Так и поступит наш оратор – ибо мы говорим не о каком‑нибудь декламаторе или площадном крючкотворе, но о муже ученейшем и совершеннейшем: когда перед ним будут те или иные «места», он быстро пробежит по всем, воспользуется удобными и будет о них говорить обобщенно, а это позволит ему перейти и к так называемым общим местам.
Но этими средствами он не будет пользоваться бездумно: он все взвесит и сделает свой выбор, потому что не всегда и не во всяком деле доводы, развитые из одних и тех же мест, имеют один и тот же вес. Поэтому он будет разборчив и не только найдет, что можно сказать, но и прикинет, что до́лжно сказать.

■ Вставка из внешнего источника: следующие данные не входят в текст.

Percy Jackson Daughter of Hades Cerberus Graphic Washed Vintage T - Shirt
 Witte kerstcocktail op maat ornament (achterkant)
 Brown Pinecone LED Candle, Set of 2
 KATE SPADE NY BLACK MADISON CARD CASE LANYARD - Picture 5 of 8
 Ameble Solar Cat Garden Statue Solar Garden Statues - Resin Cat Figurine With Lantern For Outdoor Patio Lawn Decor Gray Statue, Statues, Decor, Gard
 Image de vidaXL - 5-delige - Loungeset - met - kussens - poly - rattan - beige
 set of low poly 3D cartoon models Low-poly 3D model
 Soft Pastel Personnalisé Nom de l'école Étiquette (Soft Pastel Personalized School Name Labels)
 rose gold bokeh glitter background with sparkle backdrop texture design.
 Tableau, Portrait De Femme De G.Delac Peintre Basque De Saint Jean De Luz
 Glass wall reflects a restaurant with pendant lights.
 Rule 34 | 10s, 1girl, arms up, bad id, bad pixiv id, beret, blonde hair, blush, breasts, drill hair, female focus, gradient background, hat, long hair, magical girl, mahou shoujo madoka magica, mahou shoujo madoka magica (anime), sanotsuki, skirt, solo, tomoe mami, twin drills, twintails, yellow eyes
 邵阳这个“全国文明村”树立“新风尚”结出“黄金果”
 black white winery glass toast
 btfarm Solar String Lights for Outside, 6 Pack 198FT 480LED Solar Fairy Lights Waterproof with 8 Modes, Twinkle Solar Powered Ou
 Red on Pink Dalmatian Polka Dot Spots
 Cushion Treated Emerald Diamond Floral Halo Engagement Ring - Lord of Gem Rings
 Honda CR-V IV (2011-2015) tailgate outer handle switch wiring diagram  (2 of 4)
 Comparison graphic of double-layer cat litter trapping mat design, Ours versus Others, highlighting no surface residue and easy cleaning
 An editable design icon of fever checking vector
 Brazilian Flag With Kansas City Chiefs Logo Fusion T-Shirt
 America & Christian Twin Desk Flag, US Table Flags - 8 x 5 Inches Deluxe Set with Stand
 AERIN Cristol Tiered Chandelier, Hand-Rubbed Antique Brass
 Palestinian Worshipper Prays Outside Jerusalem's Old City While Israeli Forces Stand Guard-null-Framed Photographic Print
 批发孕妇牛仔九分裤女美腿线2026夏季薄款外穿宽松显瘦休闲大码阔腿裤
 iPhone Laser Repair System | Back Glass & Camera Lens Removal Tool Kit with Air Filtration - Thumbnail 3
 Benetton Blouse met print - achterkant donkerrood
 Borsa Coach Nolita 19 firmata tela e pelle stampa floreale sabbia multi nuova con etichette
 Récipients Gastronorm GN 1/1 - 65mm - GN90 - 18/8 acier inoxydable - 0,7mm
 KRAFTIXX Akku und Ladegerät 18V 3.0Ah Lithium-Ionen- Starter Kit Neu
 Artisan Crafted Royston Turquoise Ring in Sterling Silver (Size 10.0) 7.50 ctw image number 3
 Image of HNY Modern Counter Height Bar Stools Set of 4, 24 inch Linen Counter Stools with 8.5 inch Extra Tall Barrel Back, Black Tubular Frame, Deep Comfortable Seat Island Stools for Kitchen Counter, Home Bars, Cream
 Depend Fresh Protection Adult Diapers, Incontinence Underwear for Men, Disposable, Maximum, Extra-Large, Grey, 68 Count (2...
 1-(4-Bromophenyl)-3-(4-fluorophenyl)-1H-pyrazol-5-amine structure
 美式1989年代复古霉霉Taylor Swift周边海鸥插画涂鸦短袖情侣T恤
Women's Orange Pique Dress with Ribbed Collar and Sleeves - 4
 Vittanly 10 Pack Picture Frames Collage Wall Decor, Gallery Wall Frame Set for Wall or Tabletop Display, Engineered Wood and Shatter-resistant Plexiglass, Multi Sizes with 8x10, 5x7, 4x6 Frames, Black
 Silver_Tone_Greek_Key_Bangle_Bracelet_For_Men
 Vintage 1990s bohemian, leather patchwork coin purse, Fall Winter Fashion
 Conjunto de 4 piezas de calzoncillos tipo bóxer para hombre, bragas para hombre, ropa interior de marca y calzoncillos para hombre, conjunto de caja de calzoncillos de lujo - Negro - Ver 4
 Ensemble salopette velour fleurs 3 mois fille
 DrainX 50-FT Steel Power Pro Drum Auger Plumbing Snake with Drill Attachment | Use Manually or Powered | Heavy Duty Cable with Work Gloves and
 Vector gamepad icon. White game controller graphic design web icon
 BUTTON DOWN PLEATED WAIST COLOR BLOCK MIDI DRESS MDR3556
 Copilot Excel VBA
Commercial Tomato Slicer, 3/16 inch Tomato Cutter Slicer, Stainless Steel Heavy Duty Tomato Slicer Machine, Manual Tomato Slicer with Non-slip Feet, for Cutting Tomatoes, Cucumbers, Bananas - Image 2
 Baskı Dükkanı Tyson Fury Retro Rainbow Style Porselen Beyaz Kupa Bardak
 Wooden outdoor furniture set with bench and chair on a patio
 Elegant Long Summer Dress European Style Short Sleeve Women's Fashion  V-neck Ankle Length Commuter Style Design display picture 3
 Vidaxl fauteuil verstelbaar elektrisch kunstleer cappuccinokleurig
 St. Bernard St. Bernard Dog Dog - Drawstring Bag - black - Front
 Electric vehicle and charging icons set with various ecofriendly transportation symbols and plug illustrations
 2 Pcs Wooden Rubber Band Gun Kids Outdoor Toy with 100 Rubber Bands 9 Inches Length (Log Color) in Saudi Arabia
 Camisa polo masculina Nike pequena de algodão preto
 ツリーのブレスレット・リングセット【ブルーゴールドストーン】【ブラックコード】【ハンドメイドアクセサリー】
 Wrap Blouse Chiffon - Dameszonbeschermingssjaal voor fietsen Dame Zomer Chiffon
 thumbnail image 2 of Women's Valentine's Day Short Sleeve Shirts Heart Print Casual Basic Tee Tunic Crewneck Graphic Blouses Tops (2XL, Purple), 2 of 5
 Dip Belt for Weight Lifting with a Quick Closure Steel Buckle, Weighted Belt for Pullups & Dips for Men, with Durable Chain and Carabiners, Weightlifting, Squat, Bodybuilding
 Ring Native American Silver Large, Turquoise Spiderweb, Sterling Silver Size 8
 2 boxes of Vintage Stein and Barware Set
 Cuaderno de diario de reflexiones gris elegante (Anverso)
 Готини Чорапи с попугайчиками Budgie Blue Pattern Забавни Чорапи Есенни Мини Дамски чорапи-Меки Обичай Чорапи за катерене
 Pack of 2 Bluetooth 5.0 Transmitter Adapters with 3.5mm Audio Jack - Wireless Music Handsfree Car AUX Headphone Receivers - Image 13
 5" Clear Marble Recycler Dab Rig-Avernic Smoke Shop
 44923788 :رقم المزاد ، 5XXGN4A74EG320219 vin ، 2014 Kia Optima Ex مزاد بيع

Действительно, нет ничего плодоноснее, нежели дарование, особенно когда оно возделано науками: но как богатый изобильный урожай приносит не только колосья, но и опаснейшие для них сорные травы, так иногда и из таких «мест» выводятся доводы легковесные, неуместные или бесполезные. И если бы настоящий оратор не делал здесь разумного отбора, разве он сумел бы остаться и держаться в кругу выгодных ему данных, смягчить невыгодные, скрыть или по возможности совсем обойти те, которых он не может опровергнуть, отвлечь от них внимание или выдвинуть такое предположение, которое покажется правдоподобнее, чем враждебная точка зрения?